Lefranc, tome 4 : Le repaire du loup
de Jacques Martin (Scénario), Bob De Moor (Dessin)

critiqué par Eric Eliès, le 22 janvier 2022
( - 49 ans)


La note:  étoiles
Une enquête au scénario subtil et habile, sur fond de vengeance dans un village de montagne
C’est Shelton qui, en l’évoquant avec une jubilation communicative dans sa présentation du dernier Lefranc « les juges intègres », m’a donné envie de combler une regrettable lacune car il était dommage que cet album, peut-être le meilleur de la série (en tout cas, je partage l’avis de Shelton sur sa qualité) et d'ailleurs le seul que je possède, n’ait pas encore eu l’honneur d’une critique sur CL !

Le dessin, en ligne claire très représentative de l’école belge, met remarquablement en valeur les paysages alpestres d’une enquête menée par Lefranc dans un paisible village de montagne, dont la tranquillité est troublée par la prochaine inauguration d'un barrage et par d’étranges explosions… Que signifient-elles, qui les commet et pourquoi sont-elles signées d’une tête de loup ? A la demande du maire, Lefranc va mener l’enquête et, en exhumant les secrets du passé, dévoiler les motifs d’une terrible vengeance. Que dire sans trop en dire ? Après que le village a été coupé du monde par l’explosion d’un pont, le scénario installe habilement une ambiance de huis-clos où s’opère un subtil basculement tandis que Lefranc découvre peu à peu qu’on tente de le manipuler et que les victimes ne sont pas aussi innocentes qu’elles voudraient le faire croire.

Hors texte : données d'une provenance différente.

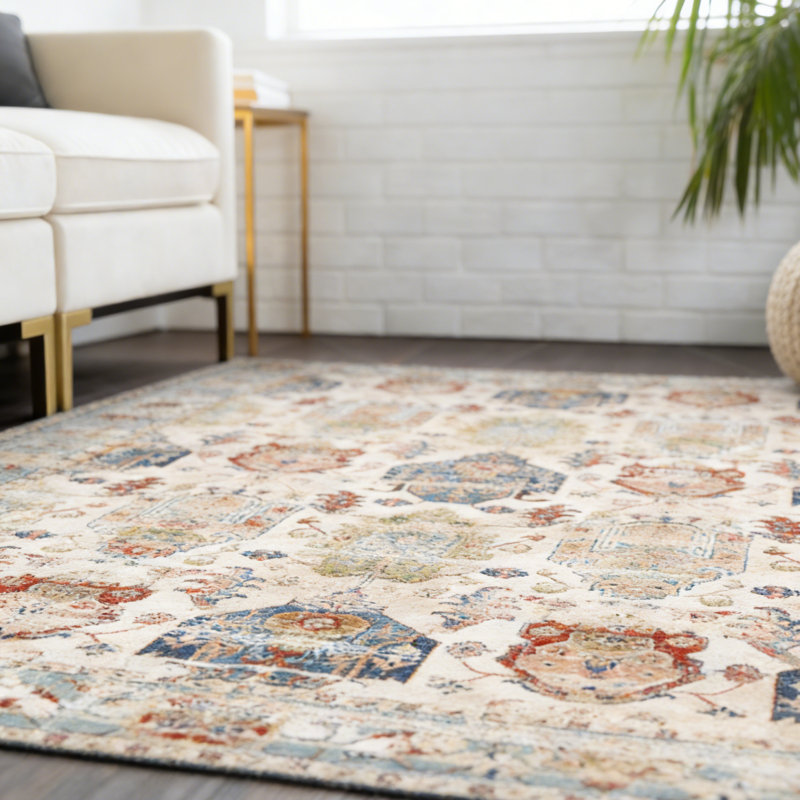 Bohemian Vintage Oriental Area Rug, Soft Faux Wool Floral Medallion Carpet, Non-Slip Washable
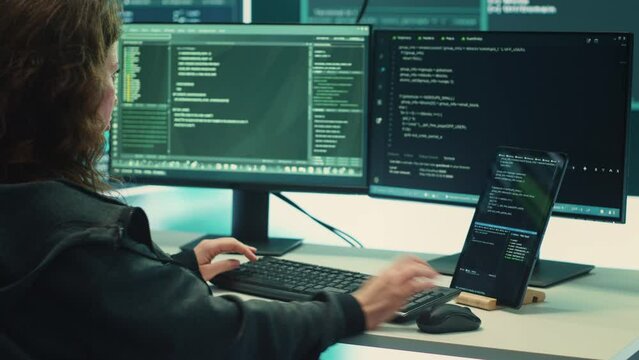 Cyber intelligence team using advanced technology to secure computer networks, governmental espionage system. Emphasizing cyber security and threat detection to combat cyberterrorism. Camera A.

Contrairement à d’autres albums un peu grandiloquents, tous les personnages sont ici humains et complexes, et l’intrigue, qu’on pourrait croire inspirée d’une véritable histoire d’escroquerie, illustre parfaitement les méfaits de la spéculation immobilière et de la transformation du monde rural, où comment un paisible village de montagne se transforme en repaire de vautours…

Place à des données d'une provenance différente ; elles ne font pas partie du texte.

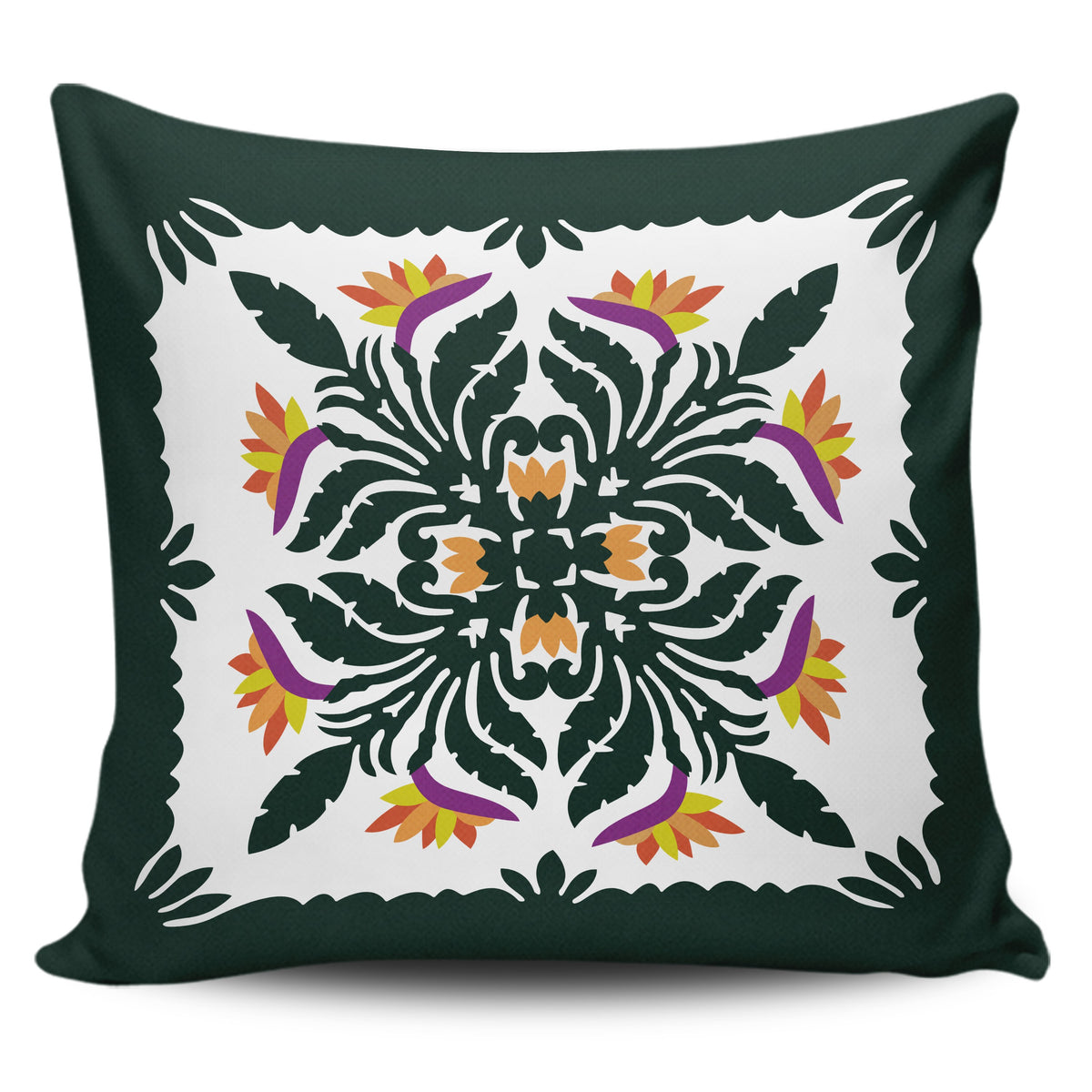 Hawaiian Quilt Paradise Flowers Pillow Covers - AH One Size 18"x18 Green - Polynesian Pride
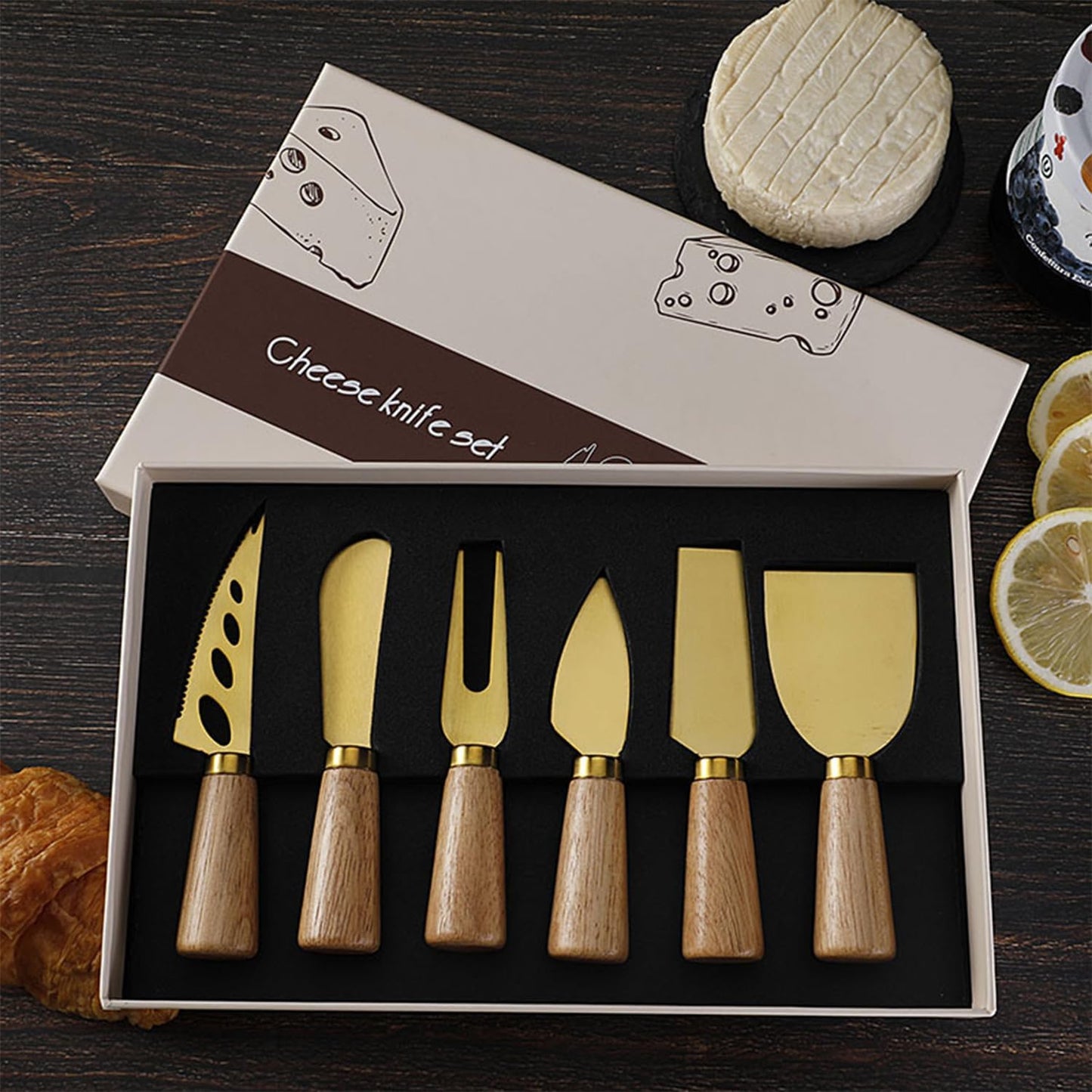 Stainless Steel Cheese Knife Set with wood Handle,Professional Cheese Slicer, Spreader & Fork for Charcuterie Boards, Cheese Platters, Kitchen & Entertaining, Christmas Gift for Women & Men (4)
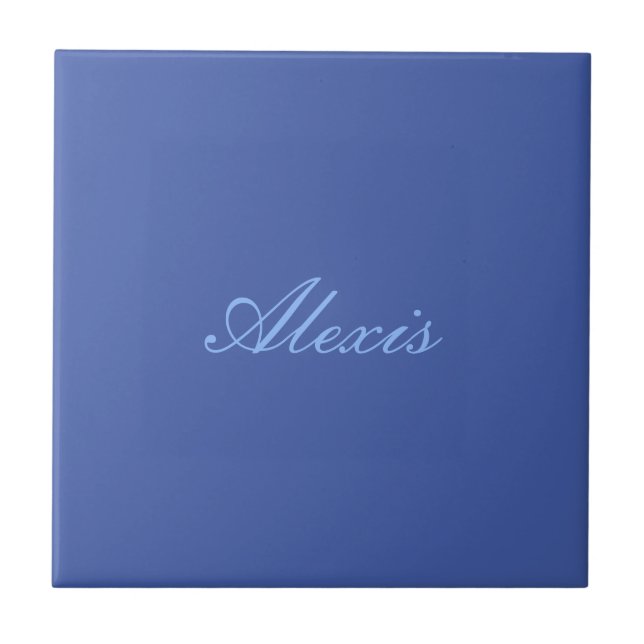 Name Calligraphy Script Plain Simple Blue Tile (Front)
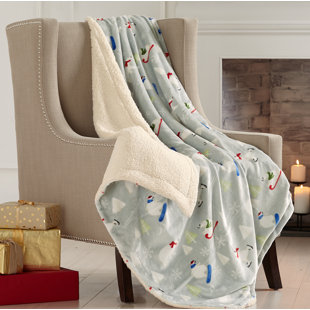FRESHFOLDS Ultra Soft Plush Reversible Holiday Throw Blanket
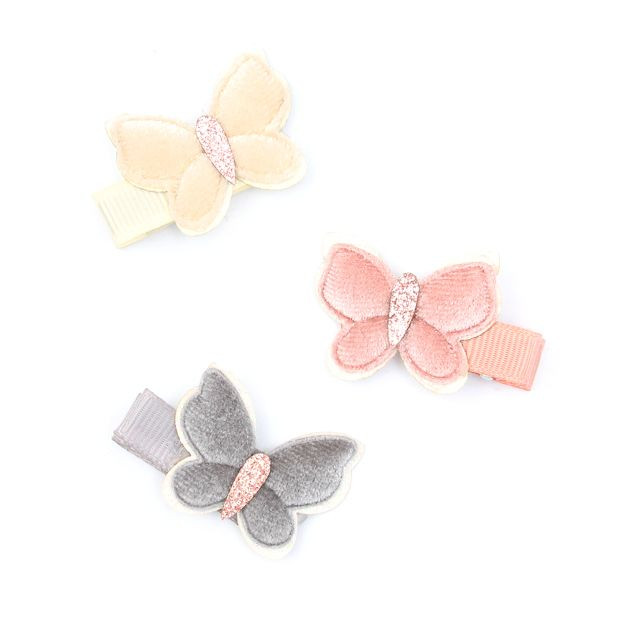 2 Velvet Butterfly Clips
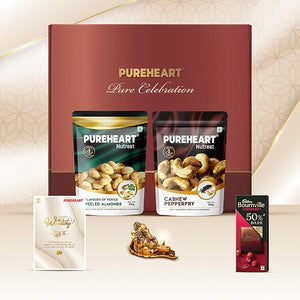 PUREHEART Pure Celebration Premium Wedding Gift Box | Dry Fruits Gift Hamper For Couples | FOV Peeled Almond and Cashew Pepperfry (80g, each) | Bournville Chocolate & Wishing Card | Ganpati Diya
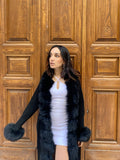 Women Knitted Fox Fur - Women Fur ( Black )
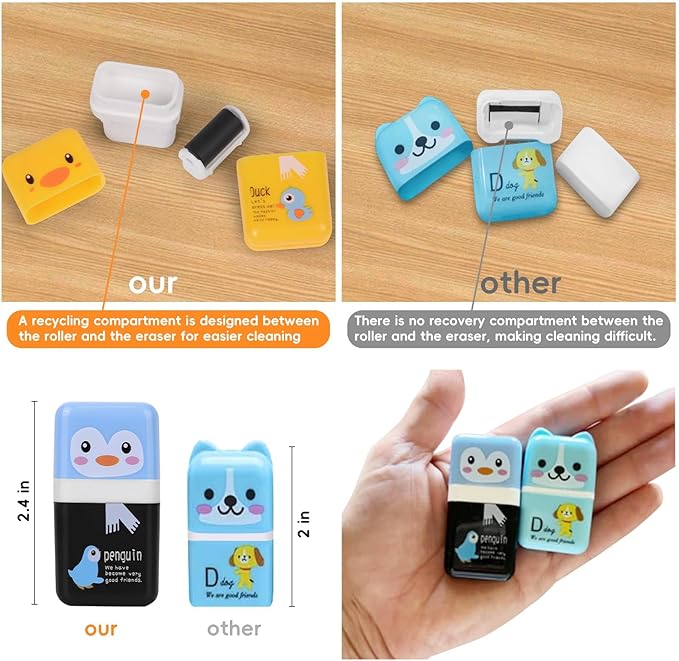 6 Pack of Pencil Erasers, Kids Eraser with Roller and Cover, Fun and Cute Animal Themed Eraser, Great Gift for Kid of Cute School Supplies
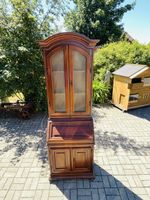 Sekretär Vitrinenschrank Mahagoni Höhe 197cm Breite 70cm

La bande dessinée, presque dénuée d'action (même s'il y a quand même quelques scènes de poursuites et des coups de feu), est riche de suspense mais c'est surtout la remarquable épaisseur humaine des personnages (notamment celle des "terroristes", aveuglés par le chagrin et la douleur), qui fait de cet album une pépite qu'on lit et relit avec plaisir. Je n'ai pas lu tous les "Lefranc" donc je ne saurais dire, au final, si c'est le chef d'œuvre de la série mais c'est, sans aucun doute, l'album que je préfère de tous ceux que j'ai lus dans cette série !
Une réussite totale 10 étoiles

Ce quatrième "Lefranc" est historique, car il s'agit du premier pour lequel son créateur, Jacques Martin (qu'enfant, quand je lisais son nom sur les couvertures des albums d'"Alix" à la bibliothèque municipale, je confondais avec le fameux animateur ; disons plutôt que je pensais, gamin, que c'était le même Jacques Martin, ah ah ah... hum) n'a signé que le scénario, déléguant les dessins à un autre. Et quel autre : Bob DeMoor, excusez du terriblement peu. Dès le tome 5, le dessinateur changera (et restera quelque temps), mais là, c'est donc DeMoor, qui signe un boulot excellent de parfait copiste (il faut voir comment il a ressuscité le tome 2 des "3 Formules du Professeur Sato", de "Blake & Mortimer"). Martin était trop pris par "Alix", qu'il signera scénario et dessins pendant 19 albums avant de, là aussi, déléguer le dessin. Pour "Lefranc", il a n'aura donc fait, paroles et musique, que 3 albums, tous remarquables d'ailleurs.
Et ce quatrième, "Le Repaire du loup" ? Se passant, comme l'essentiel du précédent album, à la montagne, c'est une totale réussite, une sombre histoire de vengeance, que l'on dévore plus qu'on ne la lit, durant 48 pages (par rapport aux 64 pages des 3 précédents opus) magistrales. C'est apparemment le préféré de beaucoup de fans, c'est le mien également, du peu que je connaisse, pour le moment, de la série (les 5 premiers tomes). Le suivant n'est vraiment pas mal non plus, au passage, mais je m'arrête là, je serais hors-sujet.